Bristol University continues to dodge questions and withhold information as they believe by you knowing the details of the 5G equipment and the types of tests they’re conducting that there will be ‘negative repercussions’ to students, staff and their stakeholders. Their blanket response seem to be firmly based in the financial interests of the University and not in the wider public knowing what they up to behind closed doors:

“The University has credible cause to believe that individuals who do not view 5G testing positively may use information disclosed in the form of site plans to disrupt research which would have a negative impact on the local economy and impede innovation that researchers are currently working to deliver in conjunction with a large number of stakeholders, both public and private.”

We’ve rebutted their FOI response (see the bottom of this page), as we believe that they’re stalling and hiding relevant information from its students, stakeholders and staff about the truth of 5G – That in fact, it is a dangerous weapon being tested without any hinderance in and amongst innocent people within the University, not to mention the wider public who would like to know what they’re experimenting with on campus so parents and students can make informed choices of Universities.

This article is a call to all Bristol University staff and students to directly email Bristol University to release answers to questions around whether or not 5G is safe and if it’s linked to the suicides and sudden death of Bristol Students coincidently since the 5G tests have started.

Here’s the previous FOI request and response to the University:

Bristol University Dodge Safety Questions and Mislead about 5G – Has Testing Increased Suicides?

FOI – 18th March 2019

Dear Sir/Madam

Freedom of Information Request FOI1968

I refer to your Freedom of Information Request received on 29th January 2019.

Your Request

The University has carefully considered your requests and considers the most appropriate way to deal with your requests is to consider them under both the Freedom of Information Act 2000 and the Environmental Information Regulations 2004.

The University’s Response

The University has considered the following requests under the Freedom of Information Act 2000.

  1. We’d like a map of the complex including where the 5G labs are located.

The University of Bristol does not have any 5G labs.

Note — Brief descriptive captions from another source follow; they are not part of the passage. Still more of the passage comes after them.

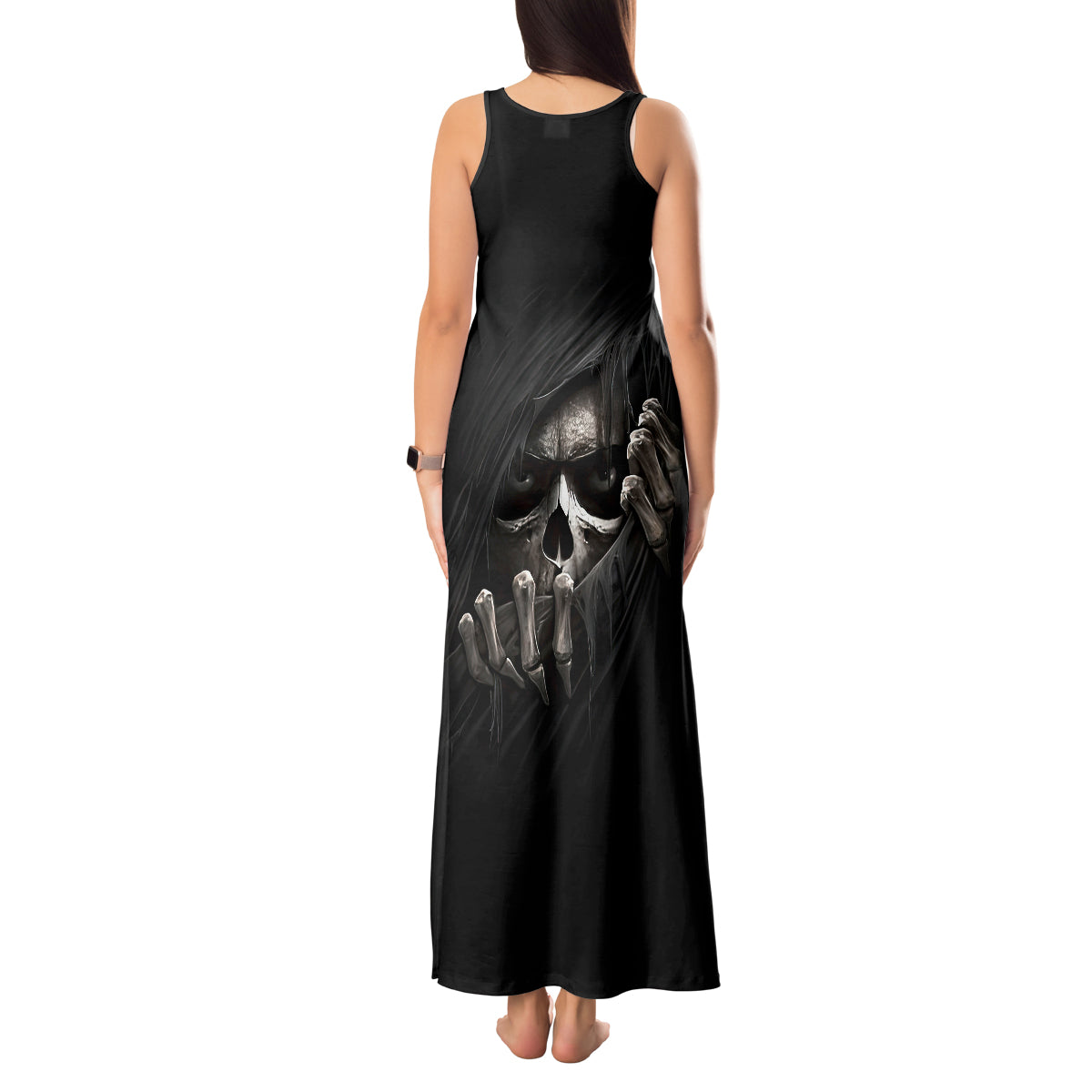 skull-tank-maxi-dress-evil-skeleton-look-inside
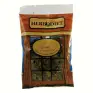 Imagen del producto  8425652010641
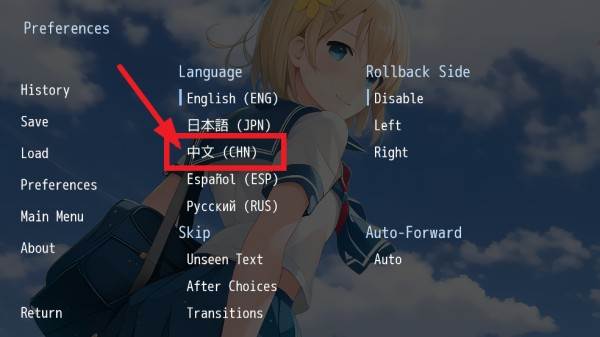 泛滥死者布道2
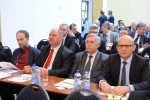 XVIII Zgromadzenie Ogólne Związku Powiatów Polskich: 221
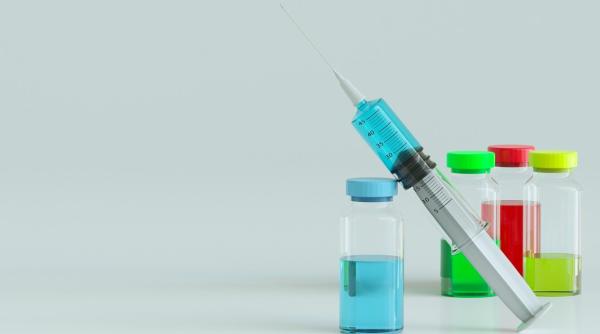 razboi cu antivaccinistii expert in sanatate publica intrebare cheie cine raspunde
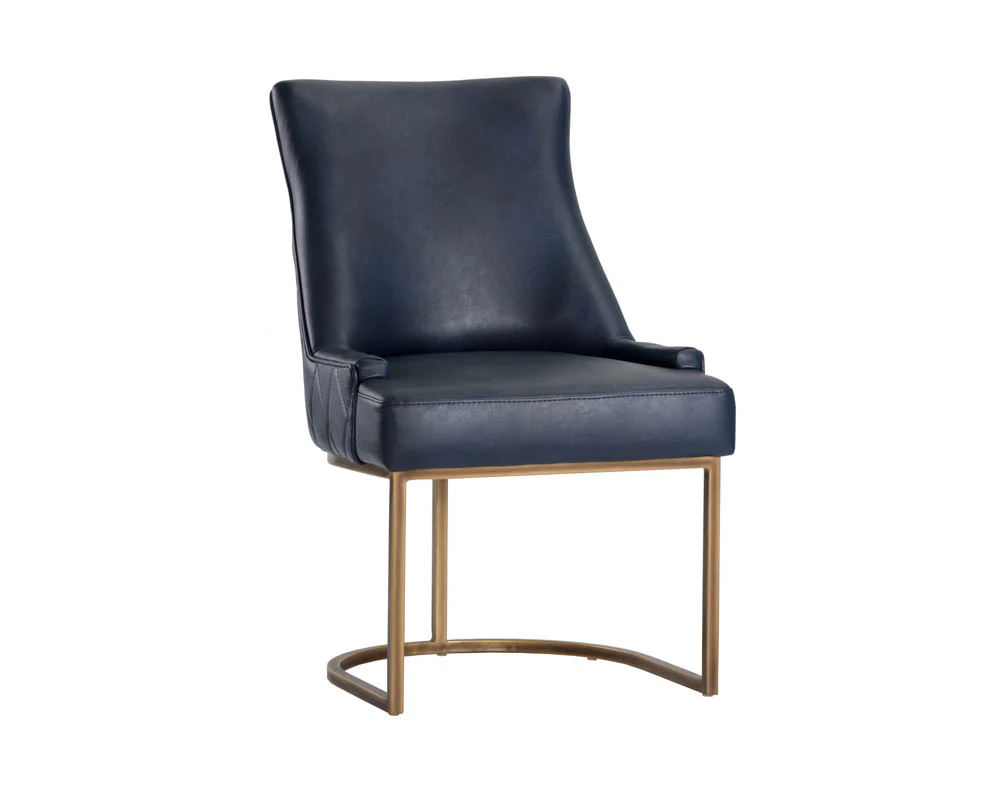 Florence Dining Chair - Image 15
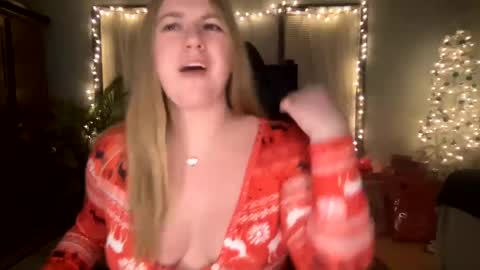 allyanalangel online show from 12-10-24, 05:50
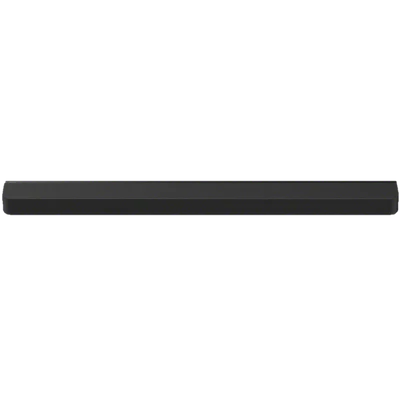 Sony HT-A9000 Soundbar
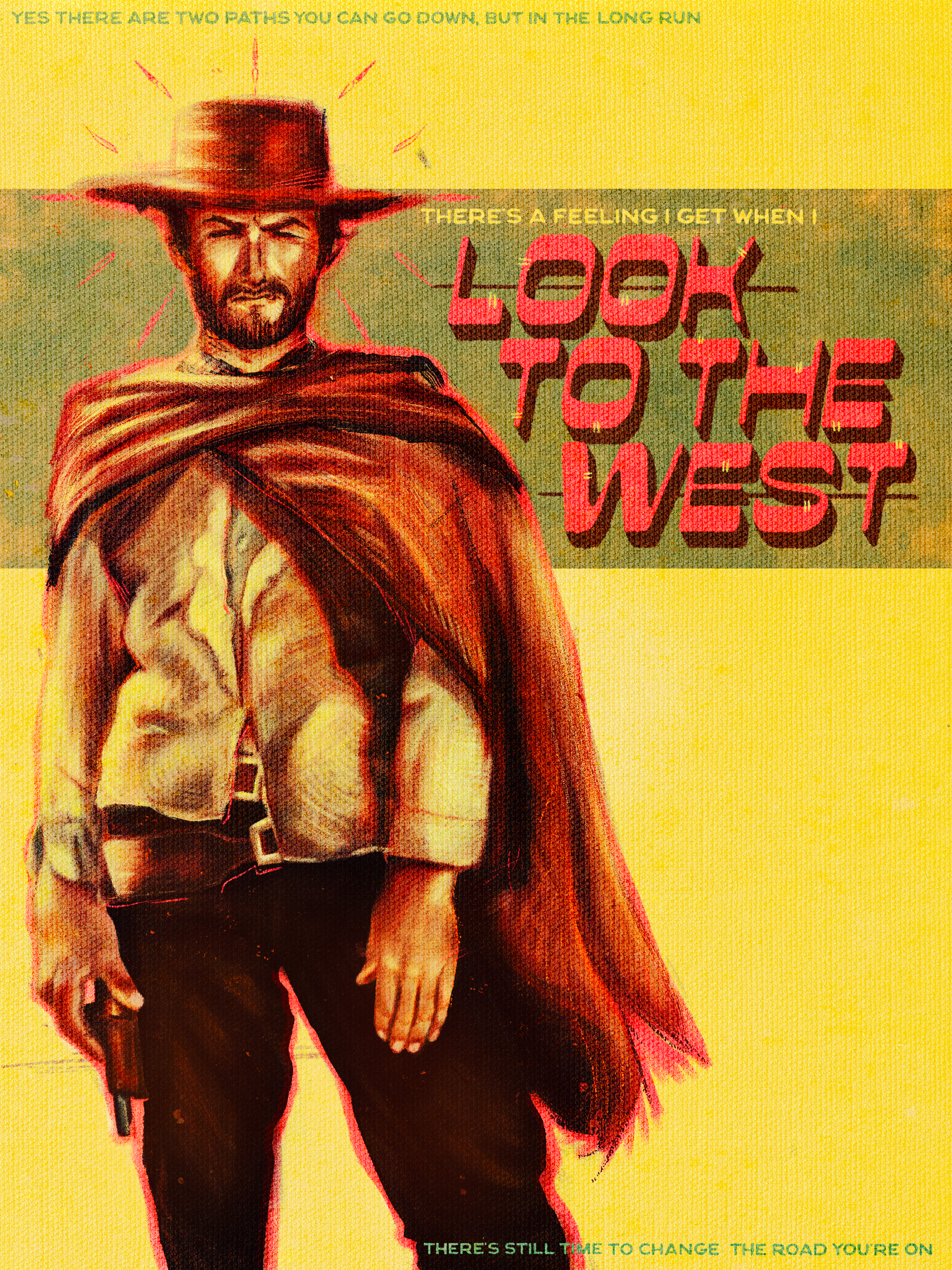 Untitled_Artwork 3.png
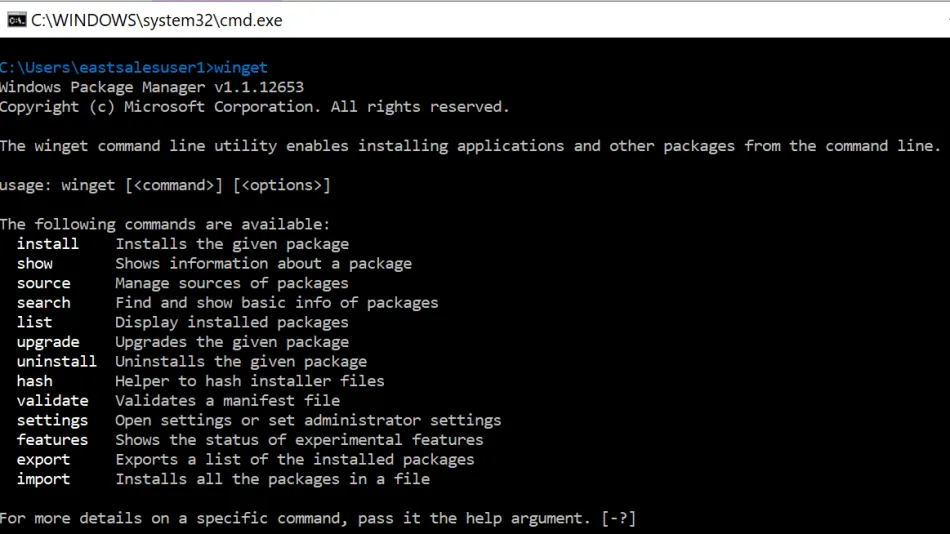 820_1_image-20230824192325-1_950x534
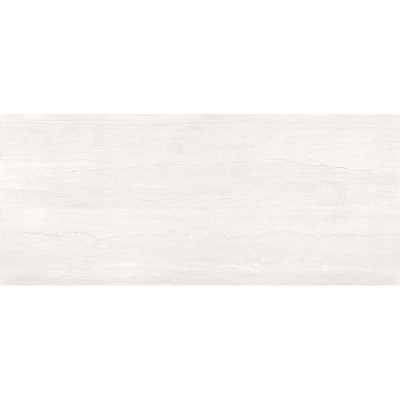 Будкрам купить DORSET BLANCO *** (1 сорт) DORSET BLANCO *** (1 сорт) 2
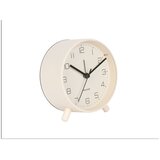 Karlsson Namizna budilka &amp;oslash; 11 cm Lofty &amp;ndash; Slike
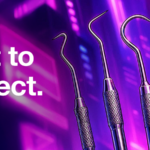 Is your professional indemnity cover still protecting your practise?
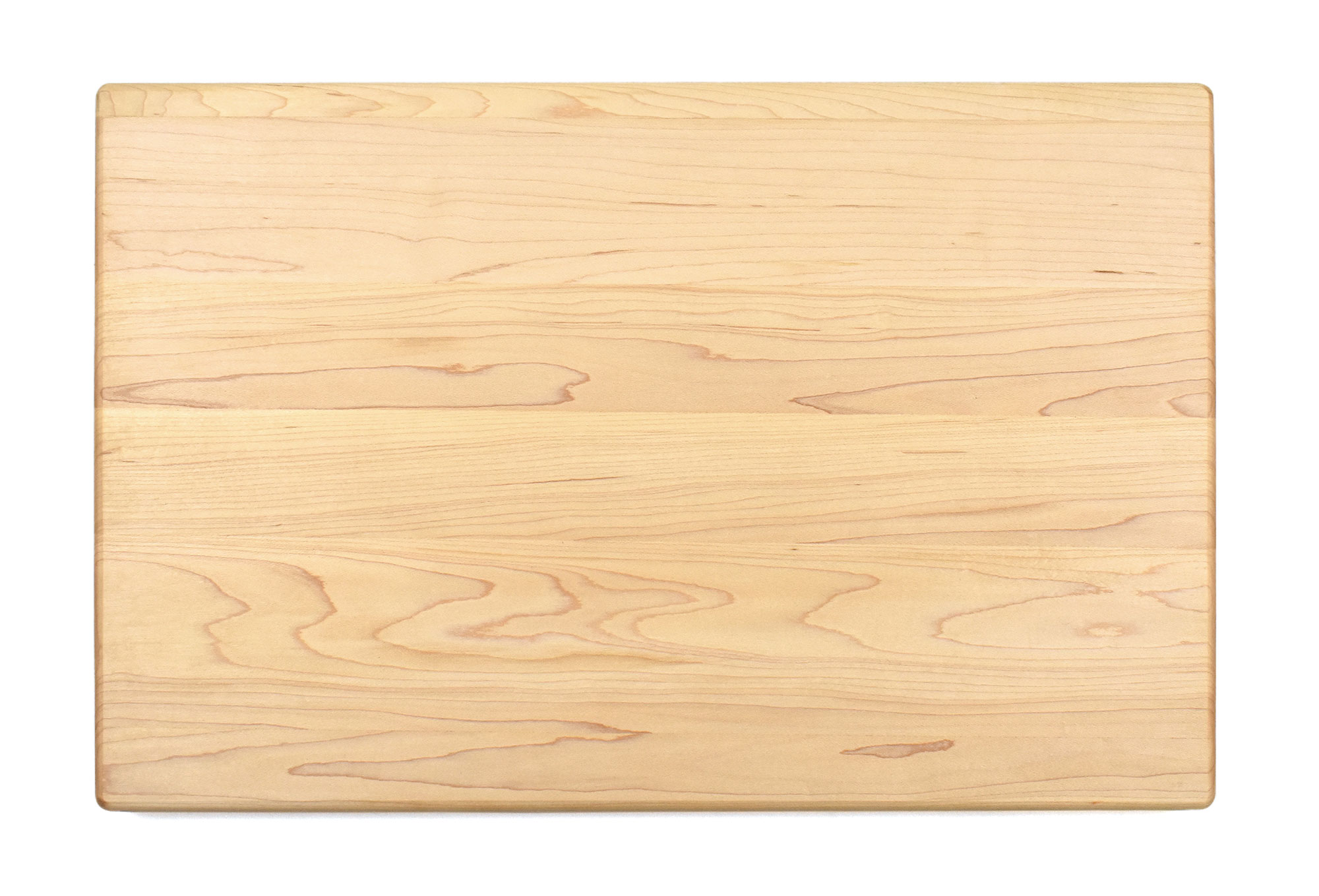 Butcher Block 1 Inch Thick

We have carefully considered your request and have decided to rely on s.38 of the Act. We strongly believe that releasing a map of the complex would jeopardise the health and safety of staff and students. The University of Bristol believes that there is a credible threat to staff and student safety due to interest in 5G experiments from members of the community who disapprove of research in the area of 5G technology. The s.38 exemption is a qualified exemption therefore is subject to the public interest test. The public interest test can be found at the end of our response.

  1. What are your University health and safety processes and health and safety at work procedures; along with your associated risk assessment for 5G testing? A booklet would be fine to read through if it covers everything off.

The University of Bristol has considered your request and relies on s.38 of the Act. In releasing health and safety procedures relating to the use of 5G, campaign groups opposed to the testing of 5G at the University of Bristol may use knowledge of procedures to cause serious harm to staff and students. S.38 is a qualified exemption therefore is subject to the public interest test. The public interest test can be found at the end of our response.

  1. You said: “We operate CE marked test and measurement equipment for our experiments. All the equipment is tested and certified for relevant UK and EU standards.” I’d like to know exactly what the codes and names are of these standards please, this was my intention in the first place.

The University of Bristol relies on s.22A of the Act to exempt this information from disclosure. A number of experiments are ongoing and it is the University’s intention to publish a full report of the research undertaken at conclusion of trials. As such, the University believes that releasing information relating to the research may prejudice the interests of the research programme. The s.22A exemption is qualified and is therefore subject to the public interest test. The public interest test can be found at the end of our response.

  1. Who are the corporations and entities that are helping to fund your 5G experiments?

The University of Bristol often works with carefully selected partners in order to deliver on our commitment to cement our place as a world-leader in intensive research. Those who choose to work with us, often do so on the basis of confidentiality as they aim to use new-found knowledge obtained during the course of collaborative research to progress commercially. As a result, the University relies on s.41 of the Act, namely that the information has been provided in confidence. A number of partners have chosen to be public about their work with us. Details of partners can be found at: https://www.bristolisopen.com/partners/. The University also relies on s.43 of the Act, namely that in disclosing with whom we work, we would prejudice our commercial interests. The University of Bristol relies heavily on funding from partners and in disclosing details of that relationship, the University would not have the commercial viability to compete with similar institutions. The s.43 exemption is a qualified exemption therefore we have conducted a public interest test which can be found at the end of our response.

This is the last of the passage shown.